You can also set the row source of a list box, combo box, or drop-down list box
yourself. For example, you can set the row source to a table or a saved query, or you can
set the row source to an SQL statement so that the query doesn't show up in the Database
window. However, list boxes and combo boxes based on SQL statements are slower than
list boxes and combo boxes based on saved queries.
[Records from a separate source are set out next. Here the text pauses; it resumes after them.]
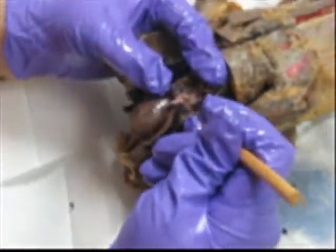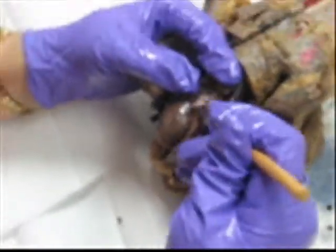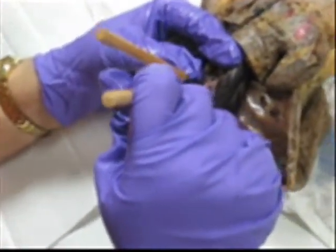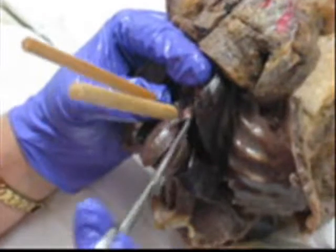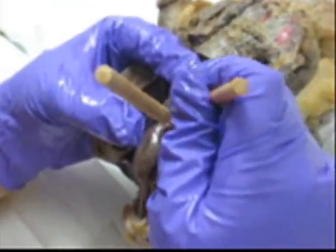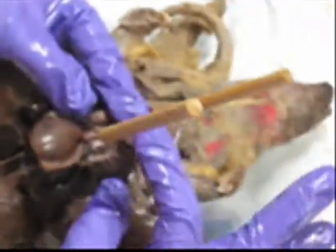So I'm separating it. If I pin right here — right there is the ascending aorta. Next to it is the pulmonary trunk. Over here, ascending aorta; over here, pulmonary trunk. And if I pin further out — aortic arch.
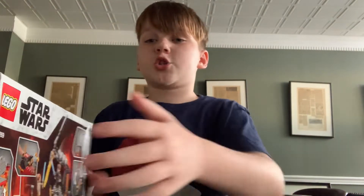Hey guys, welcome back to a brand new video. So today I have another Lego set, and this is originally gonna be for 100 subscribers.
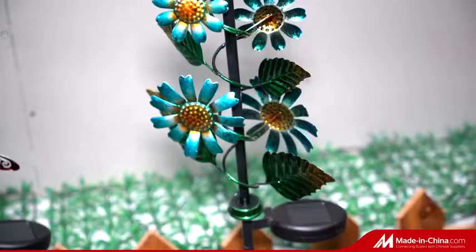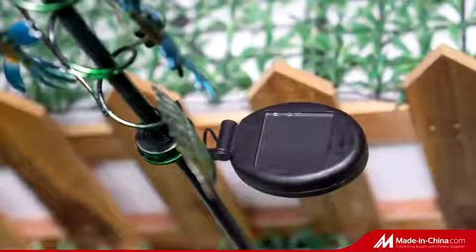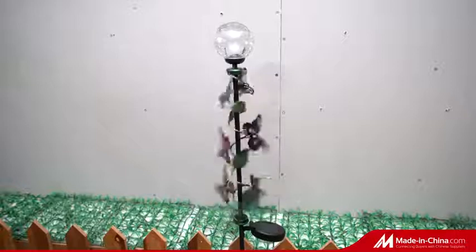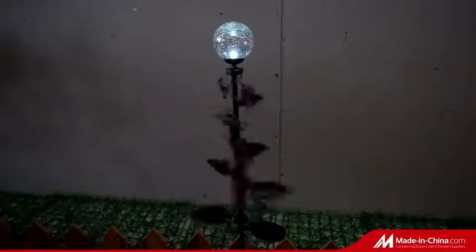Simply position outdoors in a sunny location using the metal stake and enjoy your garden ornament as it softly glows from dusk. A wonderful addition to any garden.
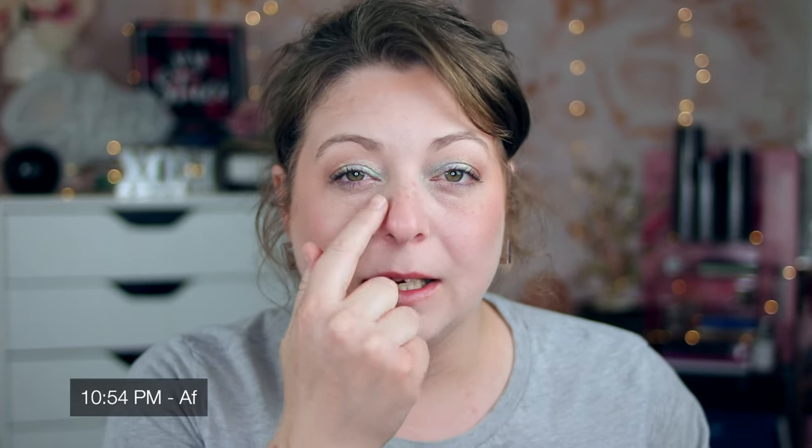Hey guys, it's 10:54 at night — I've been wearing this for 12 hours and I have some thoughts. You guys saw a couple of check-ins throughout the day. I did have to blow my nose quite a bit, and I wanted to make note of that because there's a lot of wear in here and it says it's supposed to be transfer proof. But it seriously did not last throughout the day. I'm going to give you guys a closeup in my studio lights of what my skin is looking like right now after 12 hours of wear.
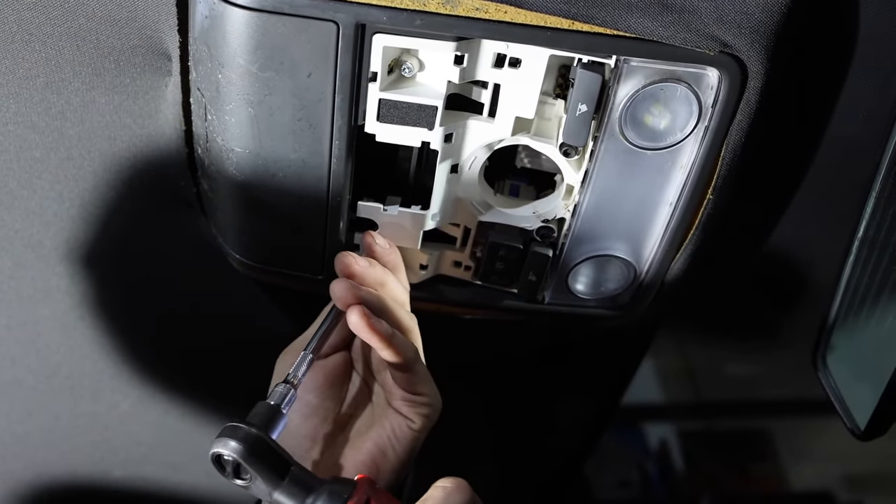Now we have the panel exposed. We'll disconnect this wire — it's just a little blue tab, push it in and it's released. We'll set this aside. You want to be careful not to get any dirt, debris, or water in there. We've got two more T30s — let's take those out of the way. They're pretty long.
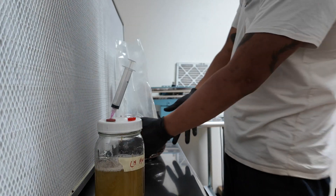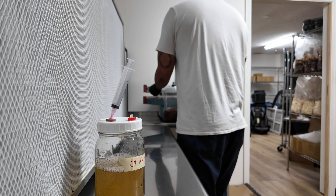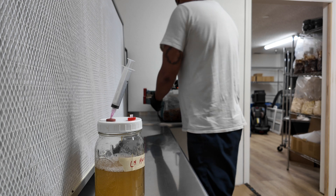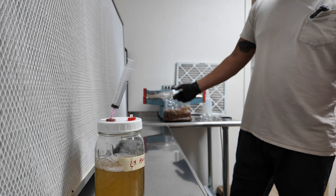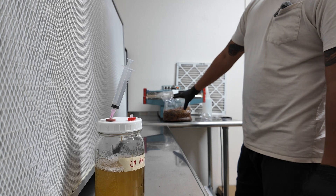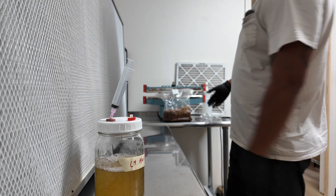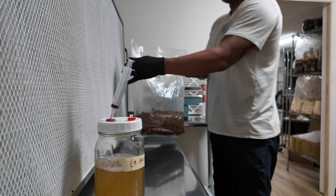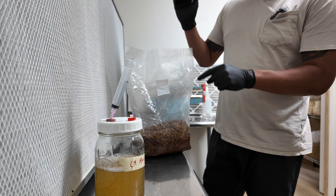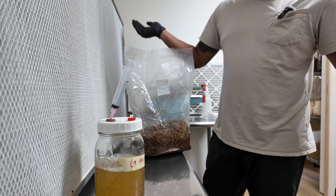Then we seal the bag. Unlike generation 2 where we had to mix up all our grain spawn, we don't mix this — we just squirt the liquid culture in, seal it, and it's done. That's a generation 1 grain spawn bag: liquid culture to grain. We put this on the shelf and that's it.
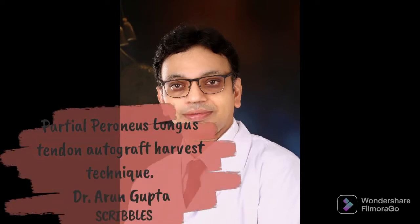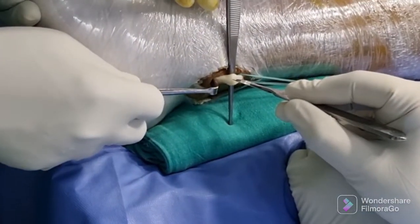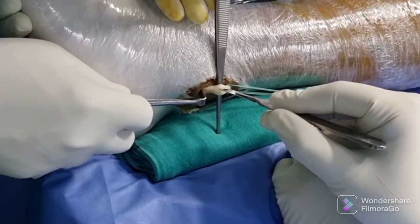Friends, we have seen a phenomenal rise in the use of peroneal longus autograft. Here we will demonstrate the extraction of partial thickness peroneus longus graft.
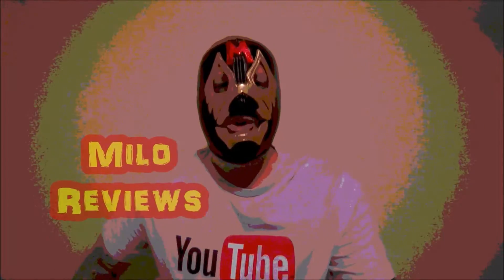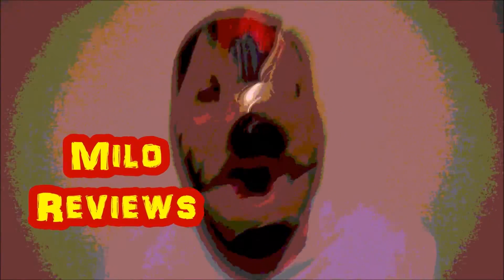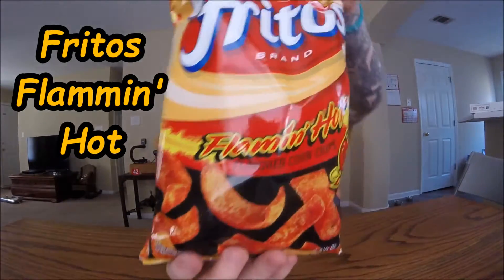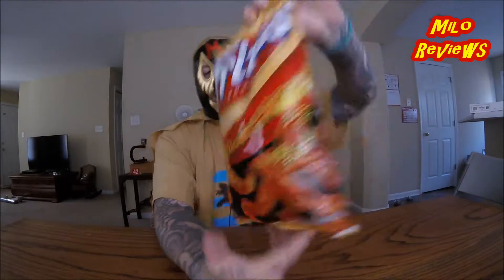Welcome to Milo's Reviews with the reviews on GONDON! Today's review is over Flamin' Hot Fritos! Look at that baby! I've never seen these before, I don't know if they're new or not. It doesn't say new, but they're new to me. I've never seen them and I've always wanted them.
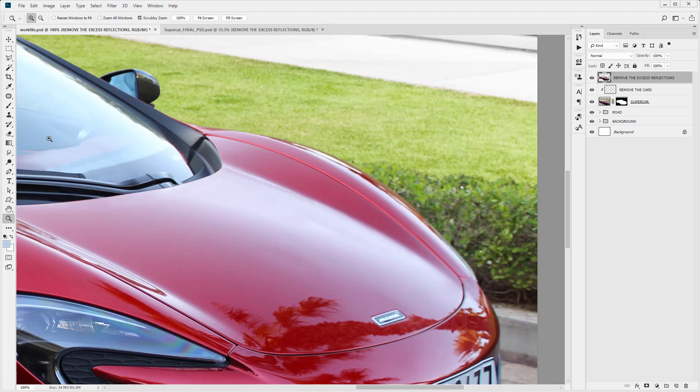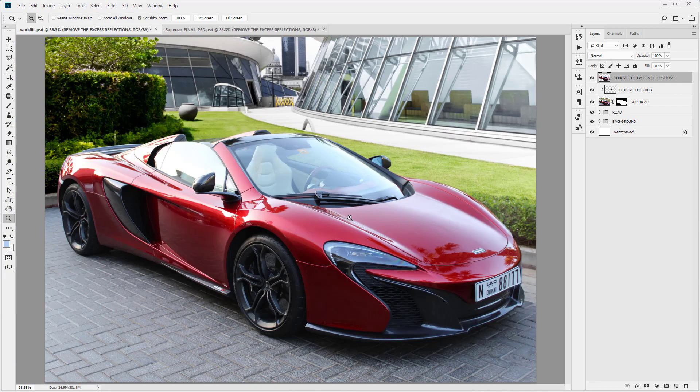Let's select our smudge tool. We want the strength to be 10 — really, really subtle — and we're just going to smudge in some of these areas that were a little bit too distinct. Click and drag to smudge them together. Anywhere you can see a subtle line or the edit isn't as you want, you can see little imperfections — just come in and click and drag to blend that in nicely. Increase the brush size and drag across. Let's turn this off and on, zoom out and make sure we're happy with our result.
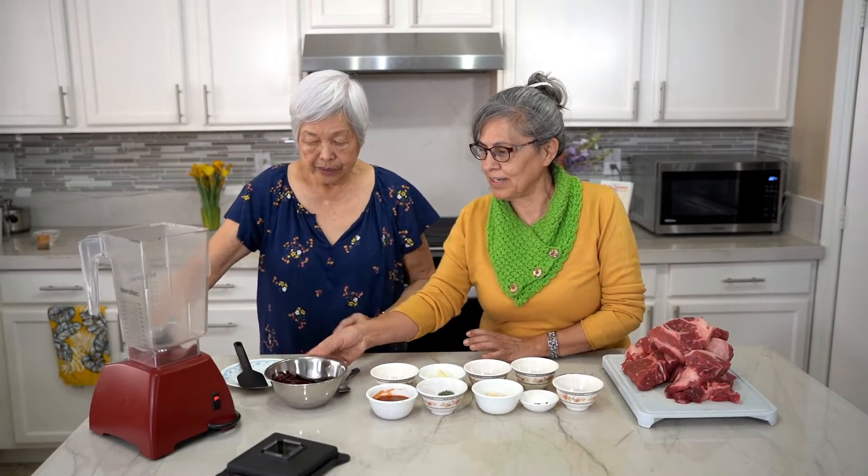In particular, birria. And this comes from the Jalisco state of Mexico. We're going to put the red chili in the blender with all the different spices.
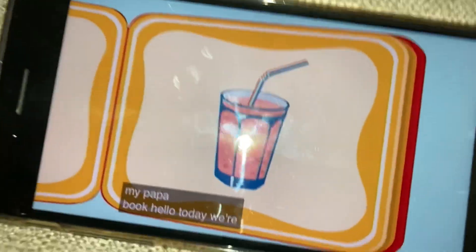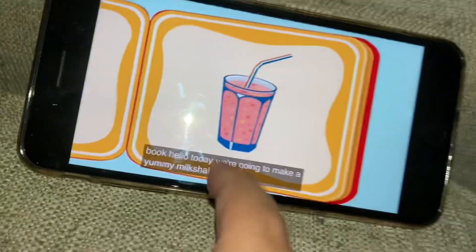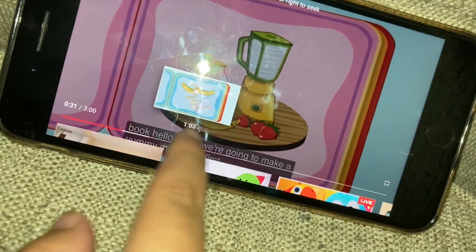Hello! Today, we're going to make a yummy milkshake.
In addition, you can use a function as a type of row source when the values in a list are
constantly changing, or if the values aren't stored in a database. For example, you could
write a function that fills a list box with a list of dates, each one a specific number of days
after the current date.

Ways to create a list box, combo box, or drop-down list box


Wizards Using a wizard is an easy way to create a list box, combo box, or drop-down
list box. However, wizards are not available in a stand-alone data access page, or when
you point a data access page to another database than the one currently open. In this case,
you will have to create a list box or drop-down list box on your own.
Lookup fields You can create a list box, combo box, or drop-down list box that is bound
to a Lookup field in a Microsoft Access database or in a Microsoft Access project that is
connected to a database in Microsoft SQL Server 2000 or the Microsoft Access SQL
Server Desktop Engine. When you create a Lookup field, you only need to create the list
box or combo box once. Then you can use the same lookup list on any form. If you don't
plan to use the same lookup list in more than one form, you can use the List Box Wizard
or Combo Box Wizard in form Design view. You can't use a Lookup field to create a list
box or drop-down list box in a data access page.
On your own You might want to create a list box, combo box, or drop-down list box
without using a wizard or lookup field if you want to set the properties of the control
yourself. For example, you might not want to use a wizard or lookup field if you want to
specify that the type of row source is a function.